Another way of tracking information is what happens between relationships. By assigning the Driving Key to Person in your model, as in this example, you essentially want to achieve that the previous relationship between a Person and a specific Organisation is closed when the Person moved to a new Organisation. This is illustrated as follows:
As is visible in the diagram above you can see that relationship ‘1’ is closed when relationship ‘3’ comes into existence on 2013-01-02. If, how and/or when this type of history is applied is a modeling decision and as this is an implementation post we can move on from here.
The key is to understand that the dynamics are different, and therefore the implementation (handling) in ETL. Having said that, a virtualised approach makes this concept a lot easier to explain and test because it almost automatically supports typical issues such as reopening closed relationships (what happens when John goes to work for TopCorp again) and issues related to record condensing in the Staging Area and corresponding timing. Generally speaking, it is a lot easier getting this to work using a virtual approach than it is using ETL software.

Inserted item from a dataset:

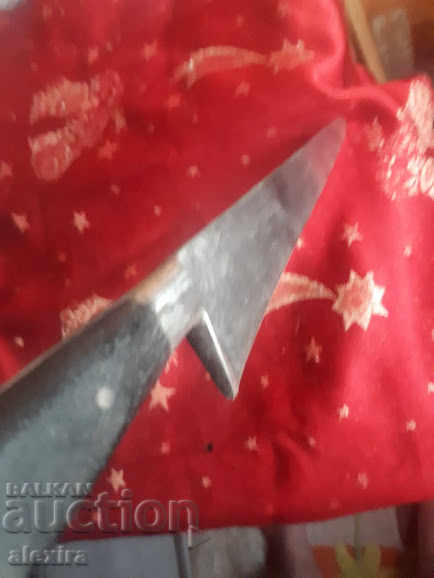 Delivery of large professional chef's knife Delivery of large professional chef's knife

Virtualising the regular history Link Satellite
Going back to the overview of setting up your virtualised Data Vault EDW it is sufficient to state that the virtualised Regular / Historical Link Satellite is to a large extent similar to the virtualised Satellite. The main querying differences between Satellites and regular Link-Satellites are:
- Instead of hashing the Business Key (Hub) in the outer query, you now hash the combination of the Business Keys. This is your Link SK / Link DWH Key
- Any row numbering and/or partition by clauses now incorporate all Business Keys
It’s as simple as that, which makes sense because the overall approaches are the same (including how zero records and expiry dates are handled).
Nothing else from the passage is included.